Published: 9/10/2019 11:25:38 PM
AMHERST — Eversource is withdrawing its request to install a new utility box on the Town Common following objections from the Town Council.
In an email sent Friday to Town Manager Paul Bockelman, following a meeting with town officials, Eversource representative Nicholas Creigle wrote that the project is being abandoned.
“Eversource has decided to rebuild the existing manhole roof instead of moving forward with the proposed transformer,” Creigle wrote.
At the board’s Aug. 26 meeting, councilors objected to putting the 6-foot-tall, 5-foot-wide and 3-foot-deep metal utility box, which would have contained a three-phase transformer and other equipment that is currently housed under the South Pleasant Street sidewalk, on the greenspace.
The work was part of a project to create a loop for the power in that section of downtown and also have the power and telephone lines on Spring Street below ground.
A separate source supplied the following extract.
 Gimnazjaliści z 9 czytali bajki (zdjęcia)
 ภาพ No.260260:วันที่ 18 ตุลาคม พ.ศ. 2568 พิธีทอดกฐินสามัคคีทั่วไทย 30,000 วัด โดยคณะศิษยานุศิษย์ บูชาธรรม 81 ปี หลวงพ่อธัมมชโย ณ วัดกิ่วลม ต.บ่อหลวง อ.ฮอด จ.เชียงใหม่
The loop configuration is still expected to happen for the mixed-use project by Archipelago Investments LLC, at 26 Spring St. Next to the Grace Episcopal Church and across from the Inn on Boltwood, the development will feature 58 dwellings, mostly for graduate students at the University of Massachusetts, and 1,000 square feet on the street level for commercial use.
Eversource also had been informed that its plans would be subject to review by the Design Review Board and the Historical Commission, which have oversight for projects on the Town Common.
Even with the decision, Bockelman responded to the company in an email that he hopes it will consider installing an underground vault on town land in the Spring Street parking lot.
“This location is closer to the existing underground vault than the proposed above-ground transformer, has all the clearances you would require and would allow easy access in the event of work needing to be done. Installing a new underground vault, instead of repairing the existing vault, would also likely result in less impact on your customers,” he wrote.
The decision to not put another object on the Town Common was supported by Jeff Lee of South East Street.
Lee told councilors Monday that the famed landscape architect Frederick Law Olmsted offered advice to Amherst in the 19th century about having the Town Common free of overhead wires, and that underground utilities are a priority in many communities.
Meantime, the Town Council postponed a decision on a request from Archipelago principals Kyle Wilson and David Williams to have a dedicated drop-off space in front of their new Spring Street building, which will have no on-site parking. The council instructed the Department of Public Works to comes up with plans for how parking and the streetscape can be improved before deciding whether the drop-off space is needed.